» EXERCISE GOAL: From the records below, transcribe only the lines running from the one with "REAL MADRID GOLD" through the one with "FORD FLEX 2019 Srebrny". Keep both of those end lines.

» MATERIALS PROVIDED:
=======

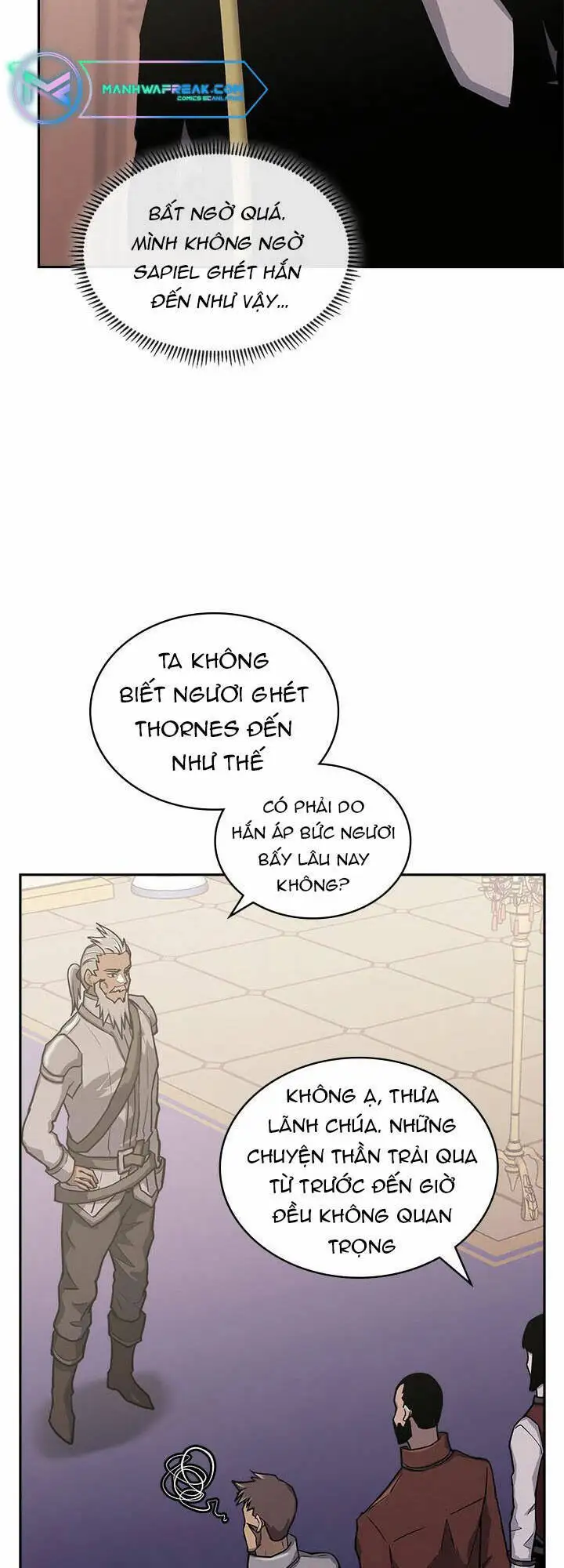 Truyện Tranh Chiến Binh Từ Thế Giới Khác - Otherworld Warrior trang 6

=======

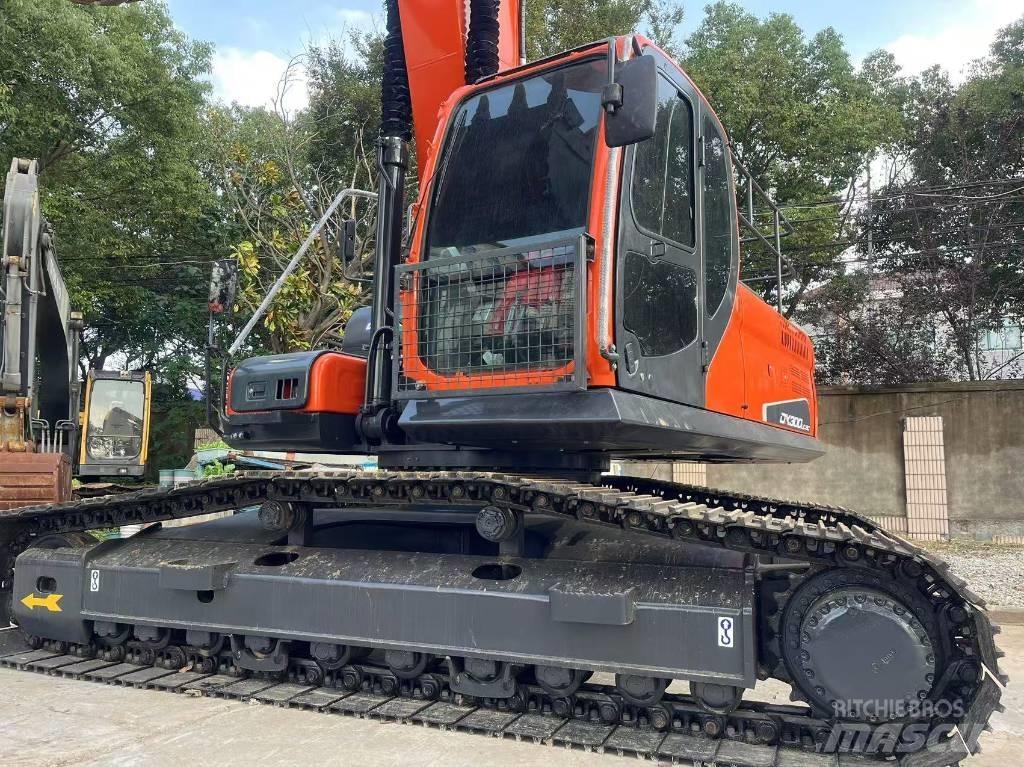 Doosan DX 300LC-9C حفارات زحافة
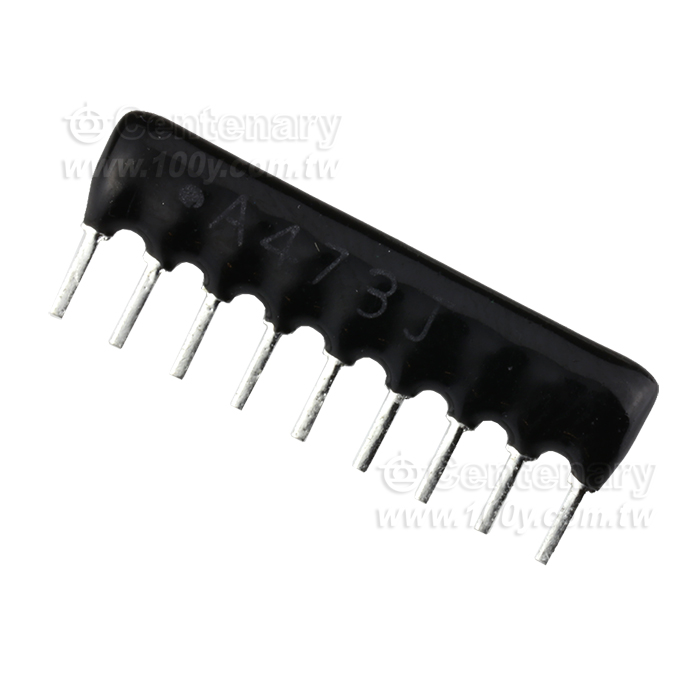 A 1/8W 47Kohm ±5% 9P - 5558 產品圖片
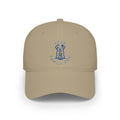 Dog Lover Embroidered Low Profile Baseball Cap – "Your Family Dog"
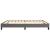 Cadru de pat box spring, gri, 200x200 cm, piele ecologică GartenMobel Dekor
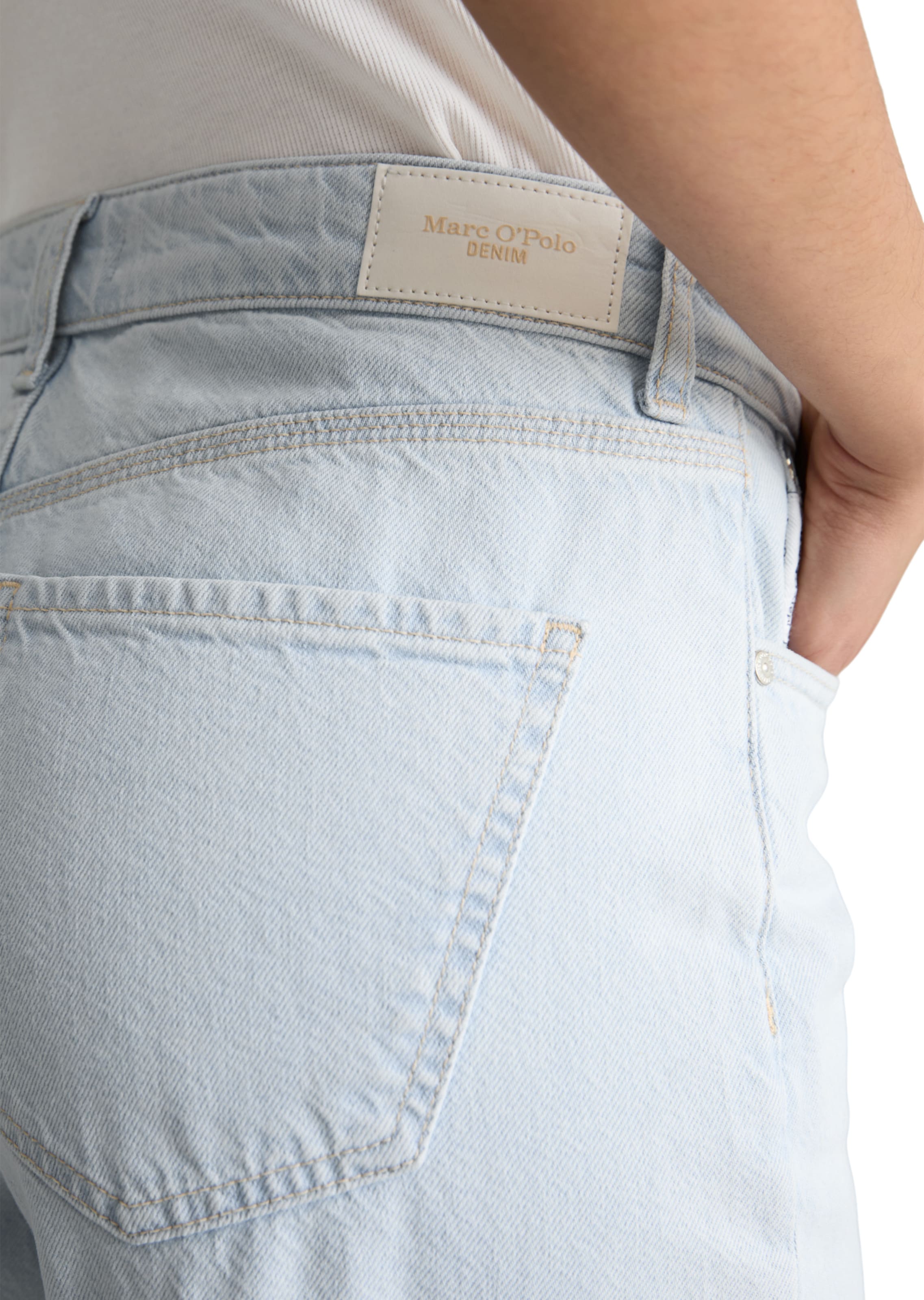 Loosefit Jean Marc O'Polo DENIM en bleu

=======

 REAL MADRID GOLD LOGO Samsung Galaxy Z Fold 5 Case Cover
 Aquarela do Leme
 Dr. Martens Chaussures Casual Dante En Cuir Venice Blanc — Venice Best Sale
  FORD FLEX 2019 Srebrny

=======

» EXPECTED ANSWER:
 REAL MADRID GOLD LOGO Samsung Galaxy Z Fold 5 Case Cover
 Aquarela do Leme
 Dr. Martens Chaussures Casual Dante En Cuir Venice Blanc — Venice Best Sale
  FORD FLEX 2019 Srebrny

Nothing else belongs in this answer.